Work instruction: In the data below, find the line containing "That is essentially"; transcribe it and each line after it exactly, through the last, skipping pictures.

Data shown:

########################################

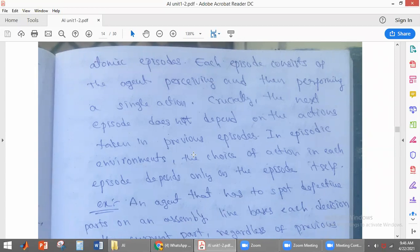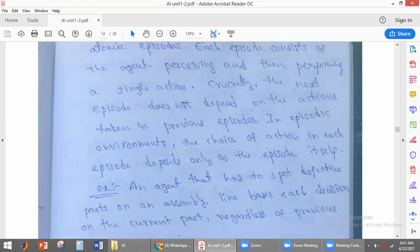To summarize: episodic means the complete agent action is divided into small episodes, and whatever action it performs in each episode depends only on the information received in that episode. The actions performed in one episode do not depend on actions performed in previous episodes. That is called episodic.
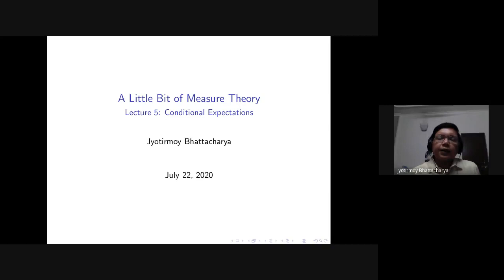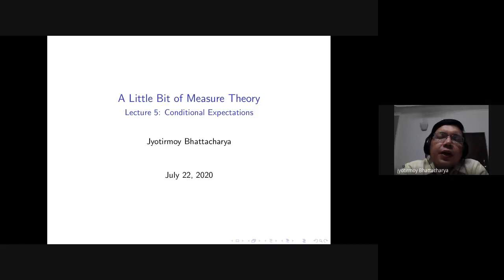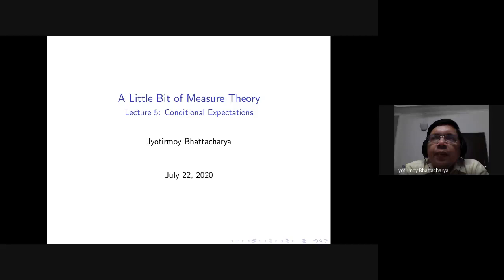Just to put it on record that we are recording this lecture and the recording will be put up on the internet. Today's topic is conditional expectations formally speaking, but what I really want to talk about is how the tools from measure theory allow us to talk about differential information — the same universe but different agents may have different information, or the same agent over time whose information changes. How can we model different states of information in a common universe?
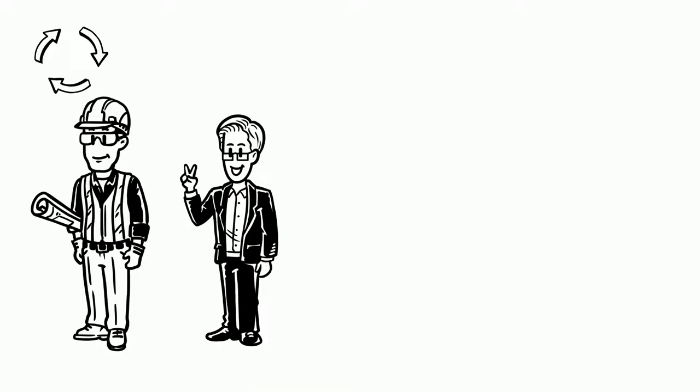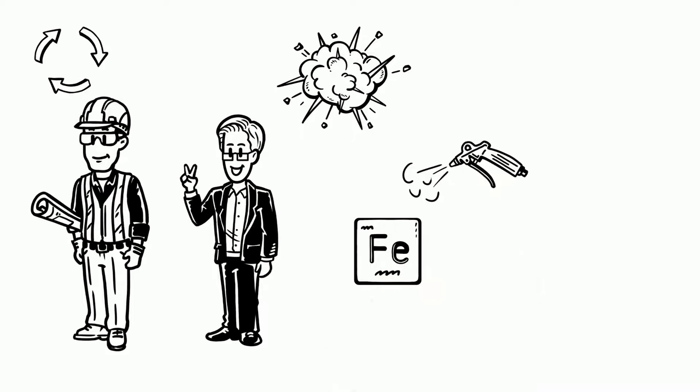Before the Bessemer process was invented, nobody had a cheap and easy way to make steel. The process was invented by Henry Bessemer and William Kelly in the 1850s. They independently figured out that a blast of hot air directed at melted iron would reduce its impurities.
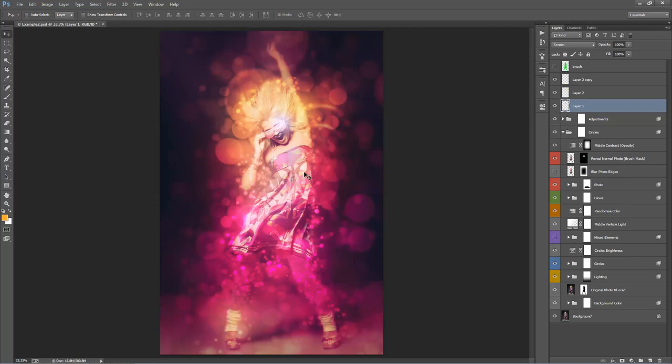That is essentially it — that's how you use the action. It's really easy to use. You just want to play around with all the colours, flick layers on and off to see how they affect the design. There are no real limitations. If you need any help with the action, send me an email and I'll assist. Have fun using the effect — thanks!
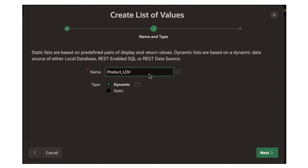I call it product LOV — that's just a name I gave it. This is a dynamic list of values, meaning this is a real application where new products will keep getting added over time. You don't want to have to change the list of values every time. Today the dropdown will show all the products that exist today; tomorrow if somebody adds a new product, that new product will also come up. That is why this is called a dynamic list of values.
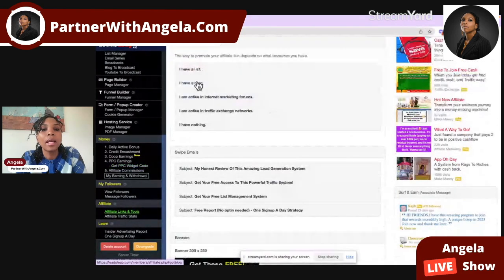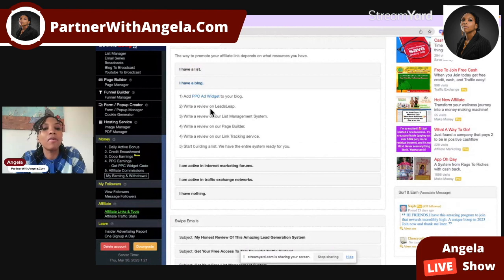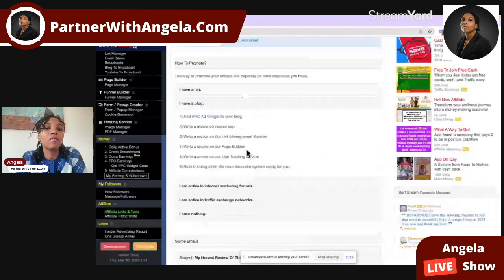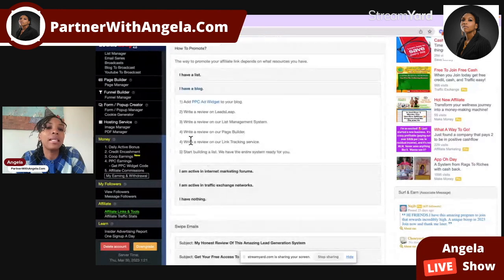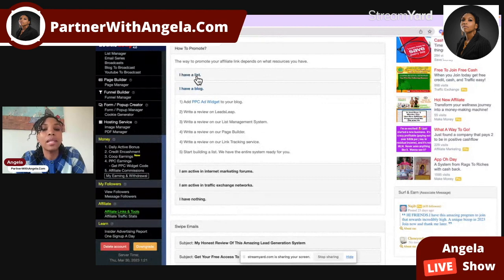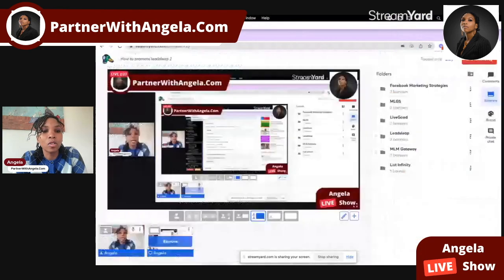The second thing if you have a blog is you can write a review on LeadsLeap itself — the all-in-one marketing platform. You can write a review on the list management system, a review on the page builder, and on link tracking. It's also highly recommended that you start building your list using LeadsLeap, because as they say, the money is in the list.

########################################

Response to this exercise:
That is essentially it — that's how you use the action. It's really easy to use. You just want to play around with all the colours, flick layers on and off to see how they affect the design. There are no real limitations. If you need any help with the action, send me an email and I'll assist. Have fun using the effect — thanks!
I call it product LOV — that's just a name I gave it. This is a dynamic list of values, meaning this is a real application where new products will keep getting added over time. You don't want to have to change the list of values every time. Today the dropdown will show all the products that exist today; tomorrow if somebody adds a new product, that new product will also come up. That is why this is called a dynamic list of values.
The second thing if you have a blog is you can write a review on LeadsLeap itself — the all-in-one marketing platform. You can write a review on the list management system, a review on the page builder, and on link tracking. It's also highly recommended that you start building your list using LeadsLeap, because as they say, the money is in the list.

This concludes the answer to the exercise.